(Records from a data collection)
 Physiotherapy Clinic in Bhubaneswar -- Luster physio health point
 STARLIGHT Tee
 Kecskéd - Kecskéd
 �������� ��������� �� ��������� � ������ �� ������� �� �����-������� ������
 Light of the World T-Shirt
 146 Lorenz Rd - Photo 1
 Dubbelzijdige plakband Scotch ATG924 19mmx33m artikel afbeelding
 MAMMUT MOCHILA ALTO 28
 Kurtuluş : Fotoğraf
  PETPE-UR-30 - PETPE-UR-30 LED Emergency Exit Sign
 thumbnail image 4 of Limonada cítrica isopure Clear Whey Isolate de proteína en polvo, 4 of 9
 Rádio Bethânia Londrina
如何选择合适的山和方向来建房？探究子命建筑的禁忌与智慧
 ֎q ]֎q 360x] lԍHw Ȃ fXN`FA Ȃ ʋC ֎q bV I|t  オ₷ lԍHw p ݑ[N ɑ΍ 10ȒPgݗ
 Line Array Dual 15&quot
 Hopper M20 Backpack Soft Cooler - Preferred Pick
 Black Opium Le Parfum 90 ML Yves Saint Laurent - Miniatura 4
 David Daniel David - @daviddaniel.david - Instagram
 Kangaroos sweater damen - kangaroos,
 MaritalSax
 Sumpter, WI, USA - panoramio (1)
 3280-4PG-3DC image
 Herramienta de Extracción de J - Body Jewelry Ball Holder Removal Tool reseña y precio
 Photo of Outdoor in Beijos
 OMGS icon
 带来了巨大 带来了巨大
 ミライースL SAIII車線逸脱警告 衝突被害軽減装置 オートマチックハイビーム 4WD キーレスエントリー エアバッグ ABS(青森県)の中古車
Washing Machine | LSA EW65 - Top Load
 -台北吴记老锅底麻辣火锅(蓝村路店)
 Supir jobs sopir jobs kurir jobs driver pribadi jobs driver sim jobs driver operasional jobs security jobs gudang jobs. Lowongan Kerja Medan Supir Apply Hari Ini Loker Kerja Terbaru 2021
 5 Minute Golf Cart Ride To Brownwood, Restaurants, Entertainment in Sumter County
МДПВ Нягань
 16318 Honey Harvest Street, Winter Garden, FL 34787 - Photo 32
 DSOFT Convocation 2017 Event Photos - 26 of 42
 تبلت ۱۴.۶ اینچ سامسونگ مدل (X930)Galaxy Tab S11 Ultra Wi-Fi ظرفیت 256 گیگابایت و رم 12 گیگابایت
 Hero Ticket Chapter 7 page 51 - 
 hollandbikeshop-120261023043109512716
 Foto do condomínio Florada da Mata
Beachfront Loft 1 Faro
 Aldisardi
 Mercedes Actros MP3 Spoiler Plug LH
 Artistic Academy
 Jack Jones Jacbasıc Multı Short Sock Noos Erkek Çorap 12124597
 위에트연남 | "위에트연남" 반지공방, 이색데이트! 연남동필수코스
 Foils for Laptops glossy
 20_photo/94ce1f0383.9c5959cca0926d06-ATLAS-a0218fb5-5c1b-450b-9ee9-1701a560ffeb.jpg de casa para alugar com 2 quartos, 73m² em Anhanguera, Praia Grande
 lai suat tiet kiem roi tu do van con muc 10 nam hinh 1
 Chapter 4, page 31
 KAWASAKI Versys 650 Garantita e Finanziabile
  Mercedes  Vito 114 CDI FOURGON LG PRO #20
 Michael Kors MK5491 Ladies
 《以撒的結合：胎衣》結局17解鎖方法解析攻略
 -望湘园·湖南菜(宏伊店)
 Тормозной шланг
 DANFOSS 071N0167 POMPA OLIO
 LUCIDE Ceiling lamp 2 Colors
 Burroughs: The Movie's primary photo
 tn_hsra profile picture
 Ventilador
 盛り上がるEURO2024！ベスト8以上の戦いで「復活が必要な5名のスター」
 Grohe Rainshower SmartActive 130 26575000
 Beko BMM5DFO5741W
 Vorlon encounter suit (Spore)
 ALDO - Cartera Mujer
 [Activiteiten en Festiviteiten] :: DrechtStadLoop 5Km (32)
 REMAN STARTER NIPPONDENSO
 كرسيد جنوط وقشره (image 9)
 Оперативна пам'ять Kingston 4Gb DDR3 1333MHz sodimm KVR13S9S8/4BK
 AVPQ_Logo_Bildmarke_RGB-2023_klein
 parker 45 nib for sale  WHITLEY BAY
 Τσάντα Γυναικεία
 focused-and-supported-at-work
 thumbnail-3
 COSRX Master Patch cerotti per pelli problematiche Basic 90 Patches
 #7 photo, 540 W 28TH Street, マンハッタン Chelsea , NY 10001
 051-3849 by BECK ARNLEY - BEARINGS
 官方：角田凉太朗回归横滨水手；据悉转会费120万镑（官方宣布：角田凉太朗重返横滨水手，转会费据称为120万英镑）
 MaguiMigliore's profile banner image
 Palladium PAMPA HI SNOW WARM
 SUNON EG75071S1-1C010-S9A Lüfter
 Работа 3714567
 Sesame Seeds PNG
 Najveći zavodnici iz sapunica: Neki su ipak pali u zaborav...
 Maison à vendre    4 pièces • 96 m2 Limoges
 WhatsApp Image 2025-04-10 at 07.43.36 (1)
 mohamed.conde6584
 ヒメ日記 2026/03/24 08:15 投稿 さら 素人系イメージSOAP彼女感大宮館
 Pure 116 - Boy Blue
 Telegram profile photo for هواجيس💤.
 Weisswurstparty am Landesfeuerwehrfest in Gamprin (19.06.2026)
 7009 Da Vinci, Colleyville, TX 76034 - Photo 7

# EXERCISE GOAL
Copy all data exactly, start to finish.

# OUTPUT FOR THIS TASK
 Physiotherapy Clinic in Bhubaneswar -- Luster physio health point
 STARLIGHT Tee
 Kecskéd - Kecskéd
 �������� ��������� �� ��������� � ������ �� ������� �� �����-������� ������
 Light of the World T-Shirt
 146 Lorenz Rd - Photo 1
 Dubbelzijdige plakband Scotch ATG924 19mmx33m artikel afbeelding
 MAMMUT MOCHILA ALTO 28
 Kurtuluş : Fotoğraf
  PETPE-UR-30 - PETPE-UR-30 LED Emergency Exit Sign
 thumbnail image 4 of Limonada cítrica isopure Clear Whey Isolate de proteína en polvo, 4 of 9
 Rádio Bethânia Londrina
如何选择合适的山和方向来建房？探究子命建筑的禁忌与智慧
 ֎q ]֎q 360x] lԍHw Ȃ fXN`FA Ȃ ʋC ֎q bV I|t  オ₷ lԍHw p ݑ[N ɑ΍ 10ȒPgݗ
 Line Array Dual 15&quot
 Hopper M20 Backpack Soft Cooler - Preferred Pick
 Black Opium Le Parfum 90 ML Yves Saint Laurent - Miniatura 4
 David Daniel David - @daviddaniel.david - Instagram
 Kangaroos sweater damen - kangaroos,
 MaritalSax
 Sumpter, WI, USA - panoramio (1)
 3280-4PG-3DC image
 Herramienta de Extracción de J - Body Jewelry Ball Holder Removal Tool reseña y precio
 Photo of Outdoor in Beijos
 OMGS icon
 带来了巨大 带来了巨大
 ミライースL SAIII車線逸脱警告 衝突被害軽減装置 オートマチックハイビーム 4WD キーレスエントリー エアバッグ ABS(青森県)の中古車
Washing Machine | LSA EW65 - Top Load
 -台北吴记老锅底麻辣火锅(蓝村路店)
 Supir jobs sopir jobs kurir jobs driver pribadi jobs driver sim jobs driver operasional jobs security jobs gudang jobs. Lowongan Kerja Medan Supir Apply Hari Ini Loker Kerja Terbaru 2021
 5 Minute Golf Cart Ride To Brownwood, Restaurants, Entertainment in Sumter County
МДПВ Нягань
 16318 Honey Harvest Street, Winter Garden, FL 34787 - Photo 32
 DSOFT Convocation 2017 Event Photos - 26 of 42
 تبلت ۱۴.۶ اینچ سامسونگ مدل (X930)Galaxy Tab S11 Ultra Wi-Fi ظرفیت 256 گیگابایت و رم 12 گیگابایت
 Hero Ticket Chapter 7 page 51 - 
 hollandbikeshop-120261023043109512716
 Foto do condomínio Florada da Mata
Beachfront Loft 1 Faro
 Aldisardi
 Mercedes Actros MP3 Spoiler Plug LH
 Artistic Academy
 Jack Jones Jacbasıc Multı Short Sock Noos Erkek Çorap 12124597
 위에트연남 | "위에트연남" 반지공방, 이색데이트! 연남동필수코스
 Foils for Laptops glossy
 20_photo/94ce1f0383.9c5959cca0926d06-ATLAS-a0218fb5-5c1b-450b-9ee9-1701a560ffeb.jpg de casa para alugar com 2 quartos, 73m² em Anhanguera, Praia Grande
 lai suat tiet kiem roi tu do van con muc 10 nam hinh 1
 Chapter 4, page 31
 KAWASAKI Versys 650 Garantita e Finanziabile
  Mercedes  Vito 114 CDI FOURGON LG PRO #20
 Michael Kors MK5491 Ladies
 《以撒的結合：胎衣》結局17解鎖方法解析攻略
 -望湘园·湖南菜(宏伊店)
 Тормозной шланг
 DANFOSS 071N0167 POMPA OLIO
 LUCIDE Ceiling lamp 2 Colors
 Burroughs: The Movie's primary photo
 tn_hsra profile picture
 Ventilador
 盛り上がるEURO2024！ベスト8以上の戦いで「復活が必要な5名のスター」
 Grohe Rainshower SmartActive 130 26575000
 Beko BMM5DFO5741W
 Vorlon encounter suit (Spore)
 ALDO - Cartera Mujer
 [Activiteiten en Festiviteiten] :: DrechtStadLoop 5Km (32)
 REMAN STARTER NIPPONDENSO
 كرسيد جنوط وقشره (image 9)
 Оперативна пам'ять Kingston 4Gb DDR3 1333MHz sodimm KVR13S9S8/4BK
 AVPQ_Logo_Bildmarke_RGB-2023_klein
 parker 45 nib for sale  WHITLEY BAY
 Τσάντα Γυναικεία
 focused-and-supported-at-work
 thumbnail-3
 COSRX Master Patch cerotti per pelli problematiche Basic 90 Patches
 #7 photo, 540 W 28TH Street, マンハッタン Chelsea , NY 10001
 051-3849 by BECK ARNLEY - BEARINGS
 官方：角田凉太朗回归横滨水手；据悉转会费120万镑（官方宣布：角田凉太朗重返横滨水手，转会费据称为120万英镑）
 MaguiMigliore's profile banner image
 Palladium PAMPA HI SNOW WARM
 SUNON EG75071S1-1C010-S9A Lüfter
 Работа 3714567
 Sesame Seeds PNG
 Najveći zavodnici iz sapunica: Neki su ipak pali u zaborav...
 Maison à vendre    4 pièces • 96 m2 Limoges
 WhatsApp Image 2025-04-10 at 07.43.36 (1)
 mohamed.conde6584
 ヒメ日記 2026/03/24 08:15 投稿 さら 素人系イメージSOAP彼女感大宮館
 Pure 116 - Boy Blue
 Telegram profile photo for هواجيس💤.
 Weisswurstparty am Landesfeuerwehrfest in Gamprin (19.06.2026)
 7009 Da Vinci, Colleyville, TX 76034 - Photo 7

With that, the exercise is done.